How do you describe a film like writer/director Jack Plotnick’s Space Station 76? It seems like a comedy, but it does not have very many laughs to it. It does not feel as if it needs to be funny either. Instead it seems a strange reflection of 1970s American family life, transported improbably from suburbia to a fictional space station in some alternative space-faring reality. It is weird but also deliberately low-key. I worry many will come to the film expecting broad parody; instead they get subtle parody, I suppose. A lot of viewers will likely bounce straight off the piece. A select few, however, will embrace it.

Jessica Marlowe (Liv Tyler) arrives at space station Omega 76 as a replacement co-pilot. She immediately finds herself at odds with her commanding officer, Captain Glenn Terry (Patrick Wilson), who nurses his secrets as closely as he nurses his liquor. She also represents a challenge to Misty (Marisa Coughlan), the ship’s self-centred nutritionist and wife to mechanic Ted (Matt Bomer) – particularly when she forms a bond with Misty’s young daughter Sunshine (Kylie Rogers).

There is a largely unspoken maze of illicit relationships and interpersonal troubles between the station’s various crew members, who also include Jerry O’Connell as Steve and Kali Rocha as his wife Donna. Some are having affairs. Some present as satisfied while they are deeply unhappy. Some are not getting the affection they desire. Others are mourning the affection they have lost. Nowhere on the station is anybody who seems wholly and authentically happy with their life – either personal or professional.

The film is littered with amusing little touches and elements, whether it is all the 1970s-style smoking on deck, or the robot psychiatrist, or the wink-and-nod cameo by 2001: A Space Odyssey‘s Keir Dullea.
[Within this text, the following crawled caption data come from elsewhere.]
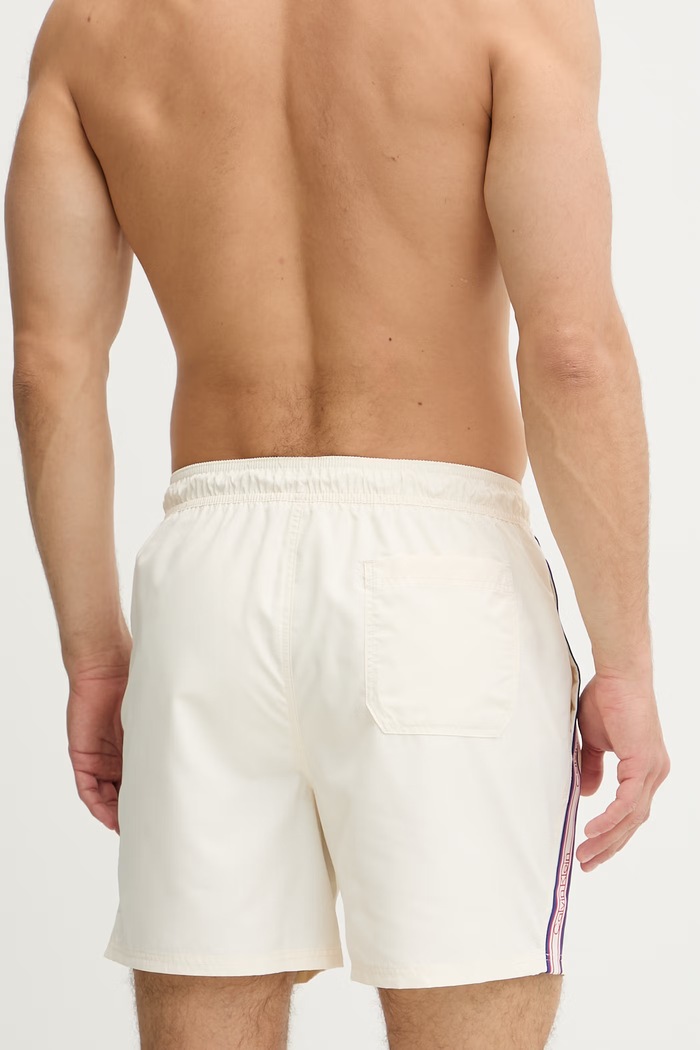 Oblečenie Calvin Klein plavecké šortky pánske LV00N61042 béžová
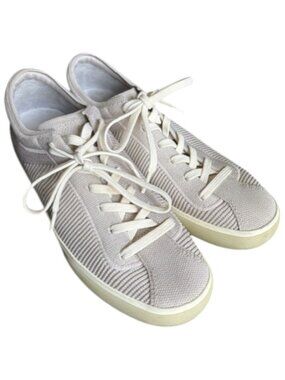 Rothy's "The Lace Up" Sneaker - Dove Gray/Cream - 10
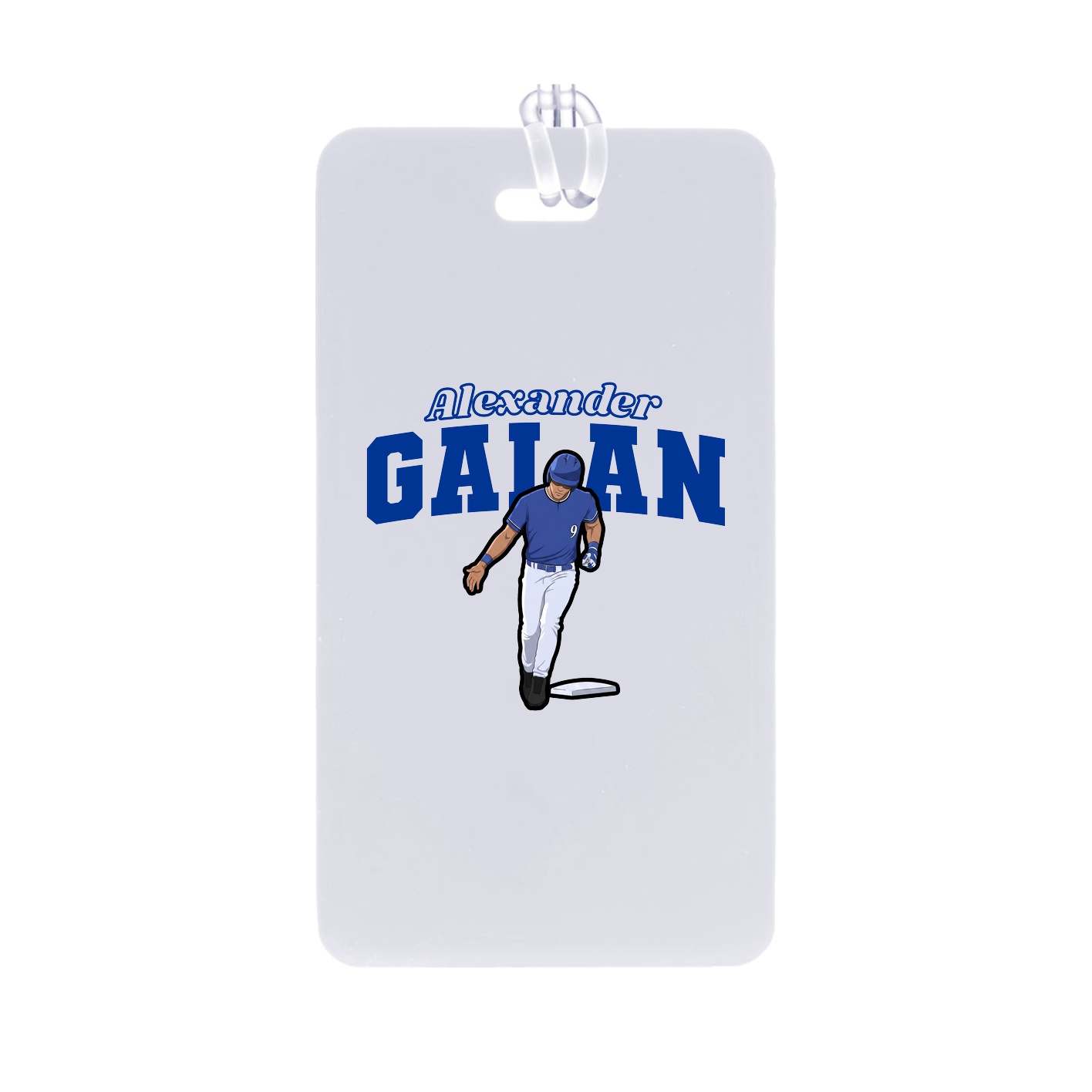 Bag Tag — Name Arch in Classic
The characters’ various dilemmas and hang ups, however, are largely played straight. They are not quite fleshed out enough to resemble real people, but they certainly seem driven by real problems.
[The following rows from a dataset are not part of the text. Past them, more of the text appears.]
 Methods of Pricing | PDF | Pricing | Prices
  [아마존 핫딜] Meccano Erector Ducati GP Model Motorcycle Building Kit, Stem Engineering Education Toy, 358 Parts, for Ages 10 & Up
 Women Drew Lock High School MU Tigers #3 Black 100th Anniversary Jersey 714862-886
Performances have a strange, overly earnest quality that makes them resemble sitcom characters. Liv Tyler plays her part with a deliberately over-earnest quality, while Patrick Wilson goes flat and wooden in a manner akin to Will Ferrell’s Ron Burgundy. Kylie Rogers is strangely the most rounded and emotionally resonant actor of the film, and turns her role as Sunshine into a gradually unrolling personal tragedy.

It is a drama, but one cannot really take it seriously. It is a comedy, but one is never going to laugh out loud. Is it science fiction? Its setting is for sure, but nowhere does it really generate drama or narrative out of scientific ideas. All of this at the same time, and also infused with an unerring ability to fascinate. I was not necessarily gripped, but I was fascinated. I was not entirely thrilled, but I was definitely entertained. Space Station 76 is a strange little work that is ultimately worth seeking out, and also a textbook example of why genre, as a means of dividing narrative art into easily marketable segments, is always doomed to ultimately fail.